We all have weeks like I'm having this week. We get slammed with dinners and youth group meetings. We get bombarded by family visitors and major deadlines. We sit at our E-Trade account trying desperately to stay ahead of market volatility. Earthly things rise up to bite us and we invariable get anxious. It is good to have a prayer that puts things into perspective for us. It is a heavenly thing to discern what is earthly and what it heavenly. Then, the task is remembering which is which and holding fast only to those things that are eternal.

I'll pray for you if you pray for me.

does God not have Email?

One of my favorite movies of all-time is Mike Judge's classic, Office Space. It begins with the main character, Peter, getting railed by his boss(es) for "not getting the memo" on the new cover sheets for the TPS reports. Since this 1999 cult classic "not getting the memo" has become "not getting the Email" and I find myself wondering sometimes if God even has Email. If he does, there must be so much spam in his inbox that he often "doesn't get the Email."

Take the case of Jonah and Nineveh, for instance. God told Jonah to preach doom to this most evil city (think Vegas with Michael Vick as Mayor), and he did. So Jonah sat back and waited for the doom to take place. So he waited... and waited... and waited. Apparently God didn't get the Email that Jonah had, in fact, completed his task. Maybe God thought Jonah was still walking around Nineveh preaching.

As we know, God did "get the Email", but he got several others as well; all sorts of Emails from the people of Nineveh apologizing for their sinfulness and asking for a second chance to live out the rest of their days for the Lord. Weighing all the options, having read all the Emails, God chose to give Nineveh just that chance.

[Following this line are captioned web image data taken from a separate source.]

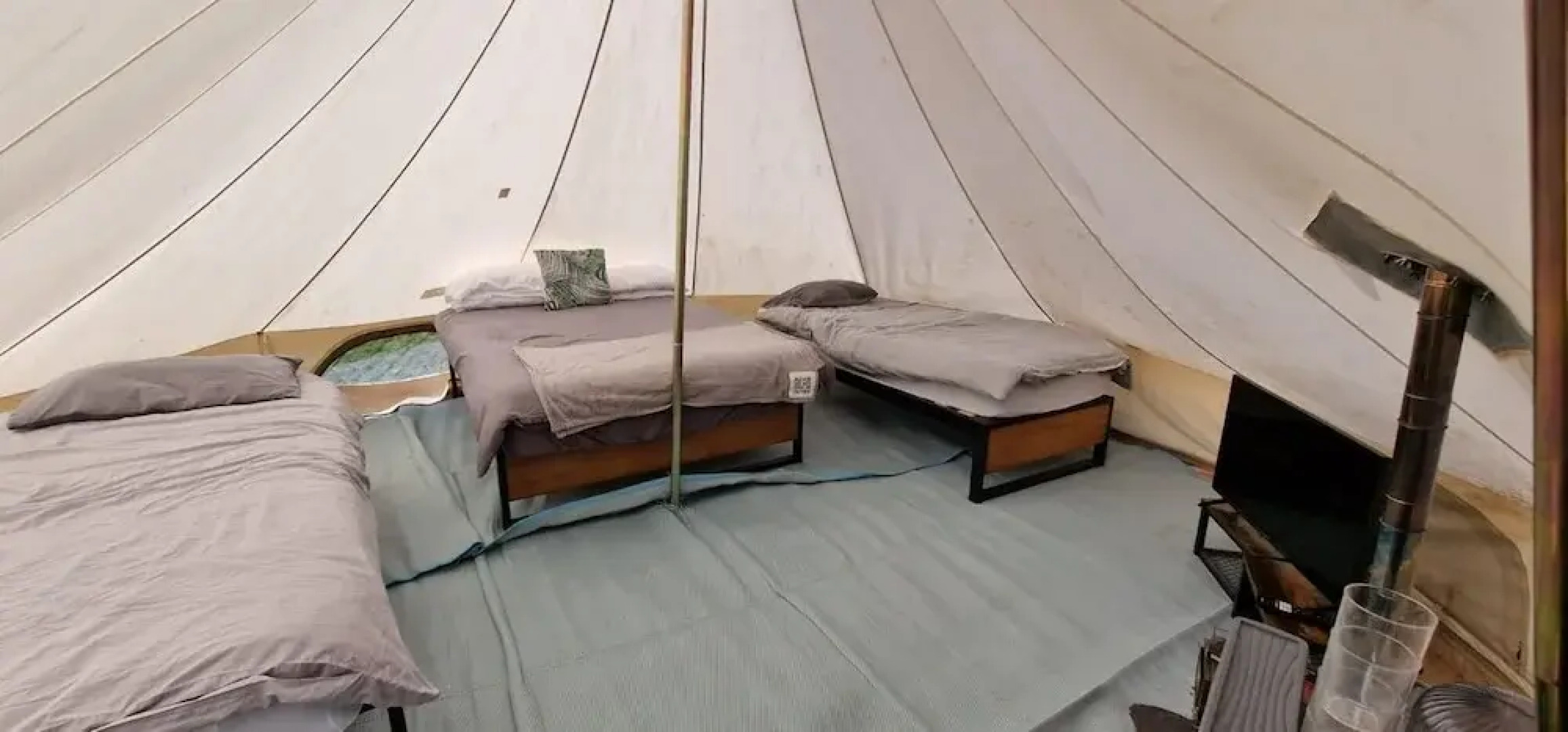 Dog Friendly Cozy Bell Tent With Log Burner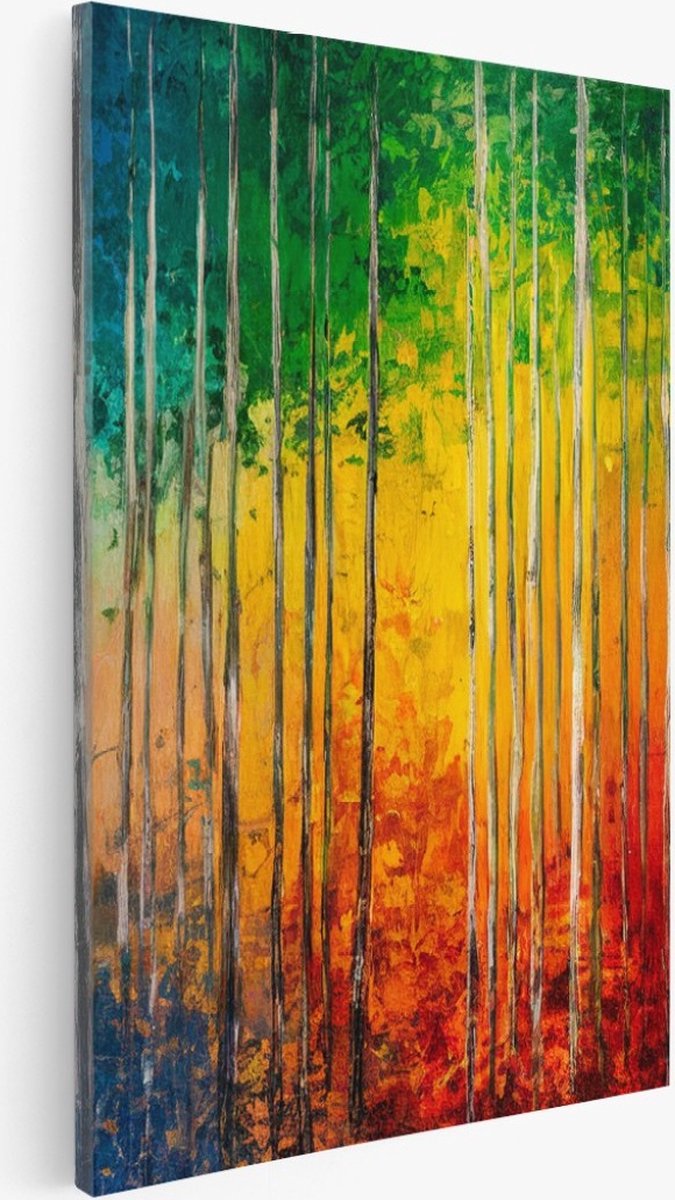 Saammp Canvas Schilderij - Kleurrijk - Abstract bos - Landschap - Natuur - 20x30 - Foto op canvas - Wanddecoratie - Muurdecoratie Woonkamer - Slaapkamer decoratie - Canvas Print Multicolor
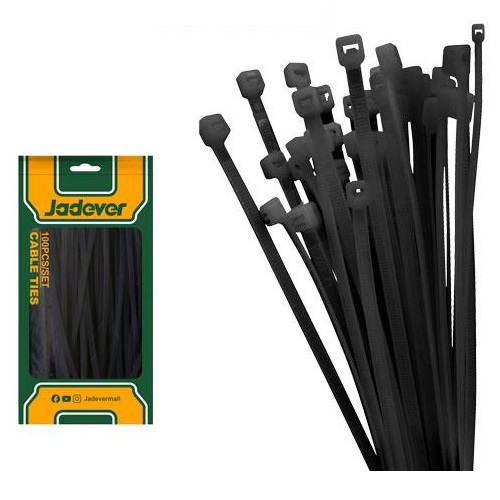 Precinto Jadever JDTEB530048 4,8mm 30cm Negro x100u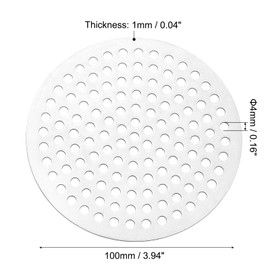PATIKIL 4" Diameter 304 Stainless Steel Perforated Sheet, 0.16" Hole 19GA Expanded Metal Mesh Round Slices Plate Screen Decorative Meshes for Ventilation Grill Smoking, Silver Tone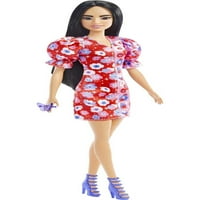 Barbie Fashionistas Doll с черна коса във флорална рокля и страстни токчета
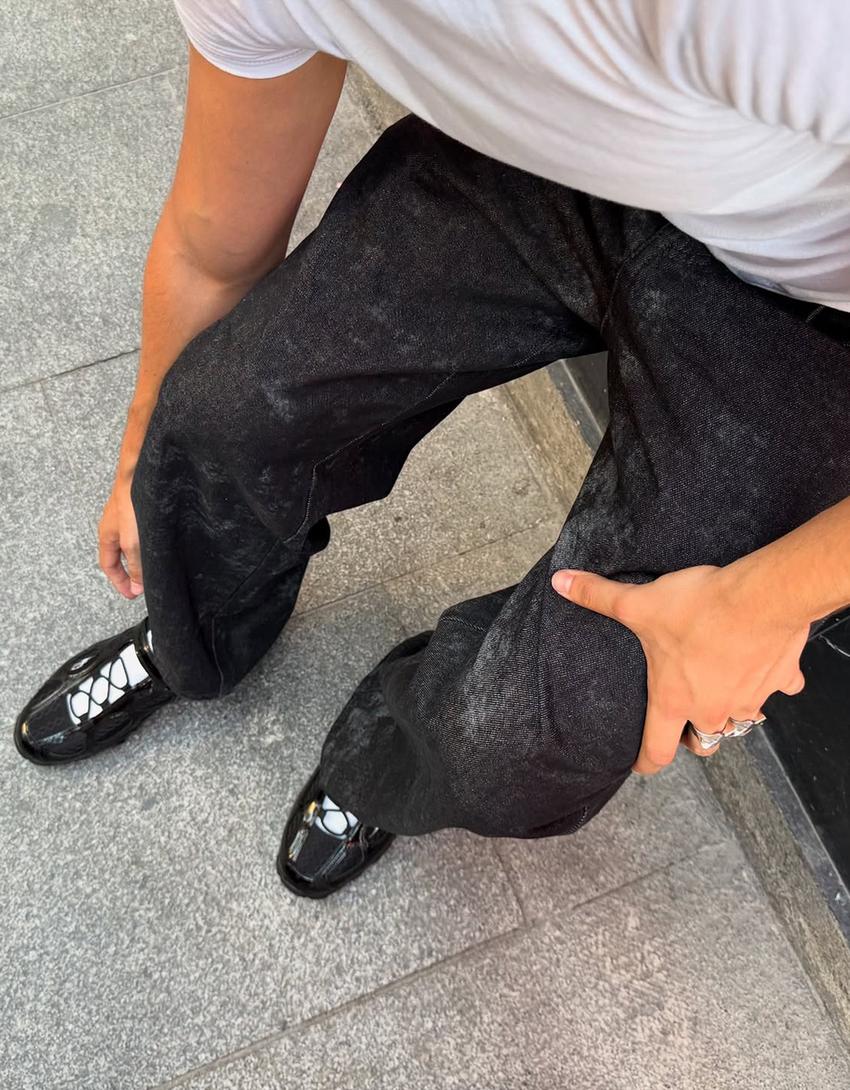 Baskılı super baggy pantolon-Siyah-3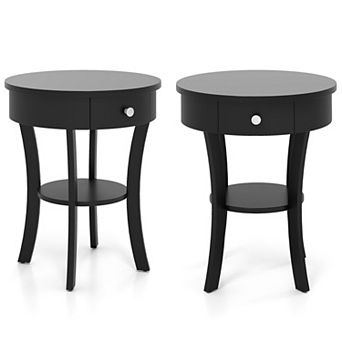 Costway 2 pc 2 tier Side End Sofa Table Round Nightstand Bedroom Living Room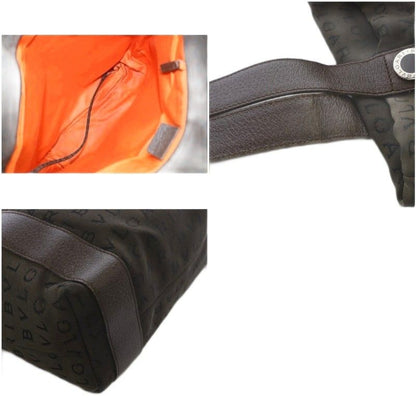 Bvlgari Bvlgari Logomania Canvas Tote Bag Shoulder Bag Dark Brown Yo25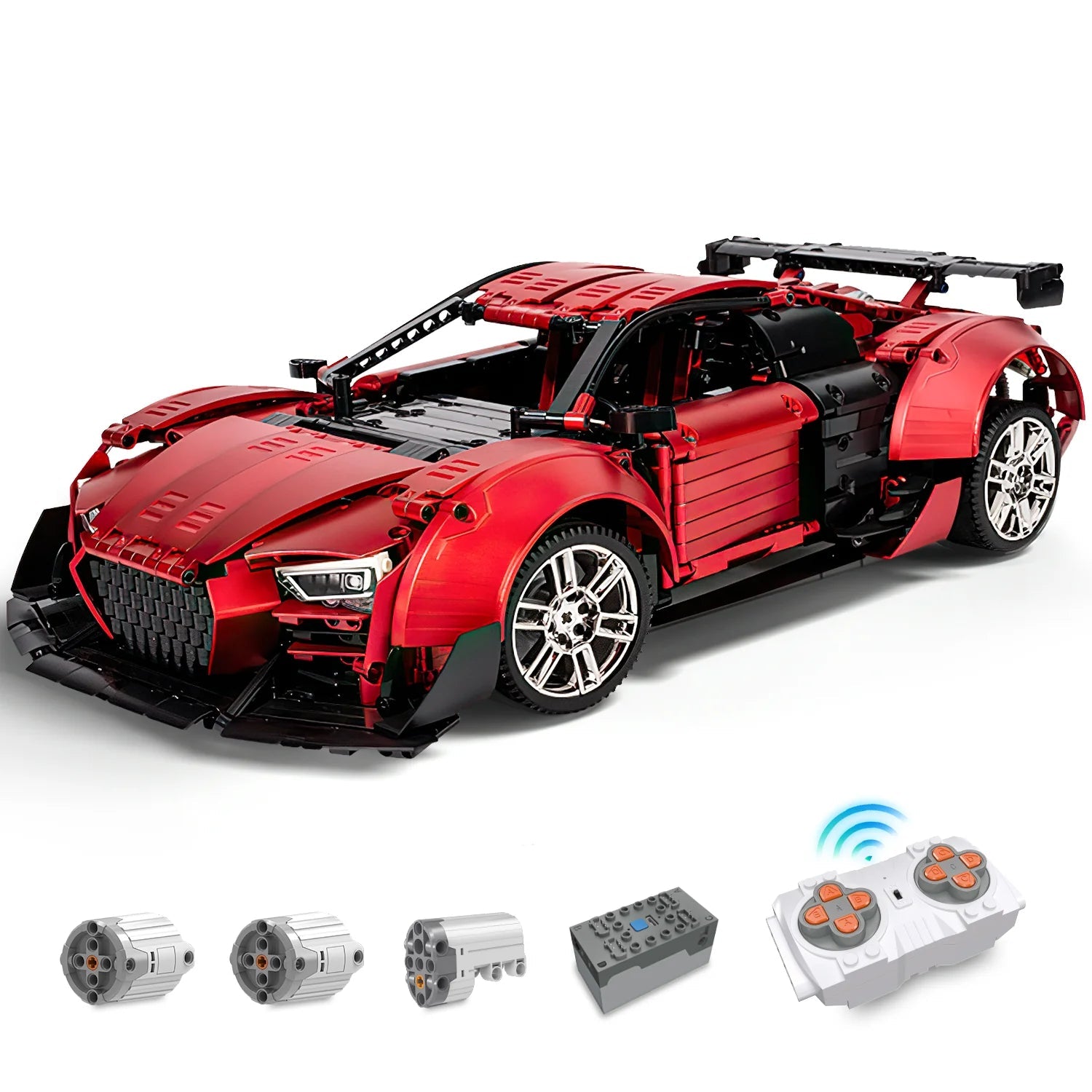 Brick MOC Audi R8 Red | Remote Control, Opening Features, Large Racing Wing, 2641 pcs - Brick Car Merchant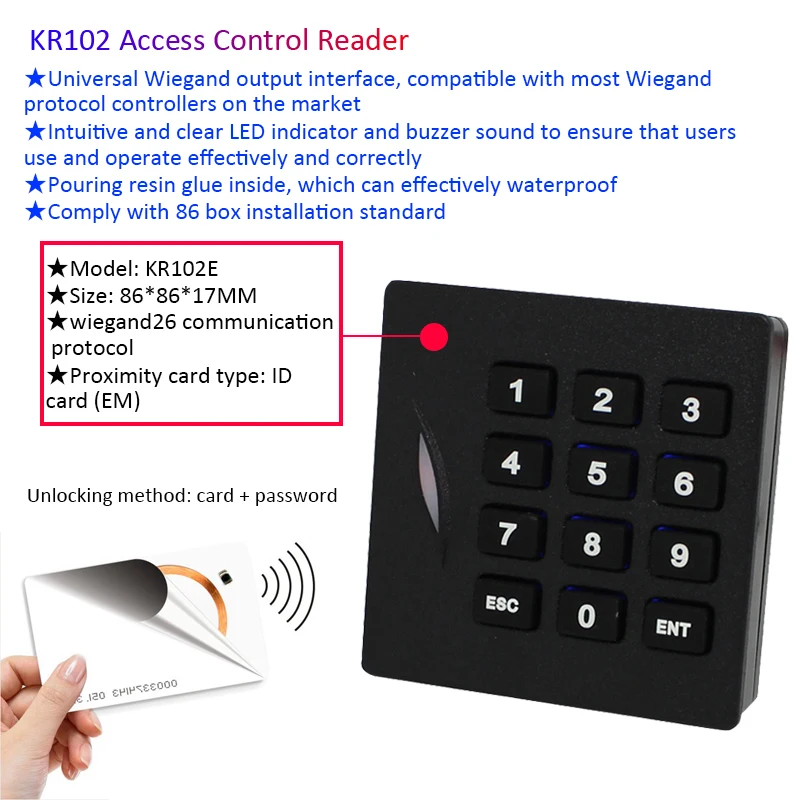 ZK система контроля допуска к двери наборы RFID карта + источник питания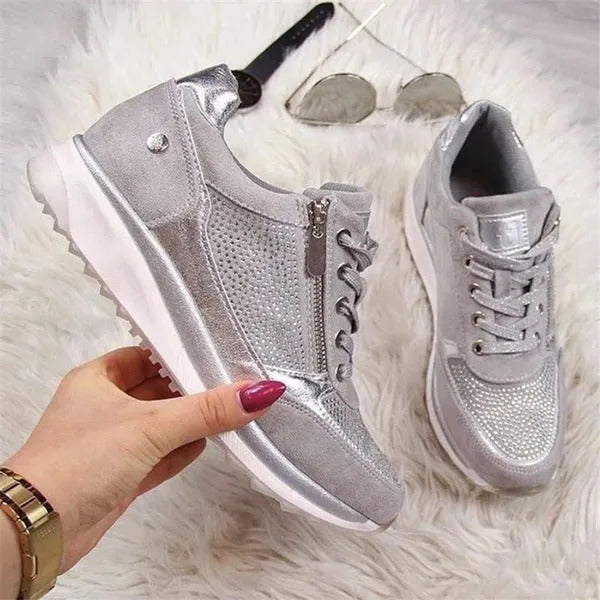 Women's Orthopedic Shoes with Zip Side Comfortable Everyday Sneakers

I guess what I'm saying, in a very round-about way, is that when I think God hasn't gotten my Email I need to remember that he has gotten millions of others, and he has carefully weighed all the options and decided on the path that is best for his plan for his creation, and unlike Jonah, I need to be happy with it. It isn't always easy, and I often wonder if God might have labeled me as spam, but I know that in his perfect will all things are done for good.

September 17, 2008

the grass is always greener

A parishioner told me yesterday that I wasn't allowed to leave Foley until she was buried from this church. Realistically, JL could be 30+ years from her appointed trip to paradise. Needless to say the conversation got me wondering. As St. Paul's and I charge ahead in our second year together I have already had one church contact me about their search for a new rector, and more, I'm certain, will come; being 28, married, and breathing has certain advantages. There are minutes, hours, days, and even weeks in which the idea of being the Rector (i.e. Senior Pastor) of a church sounds nice. There are more weeks and months when the idea seems ludicrous. Still, sometimes it seems as though the grass would be greener...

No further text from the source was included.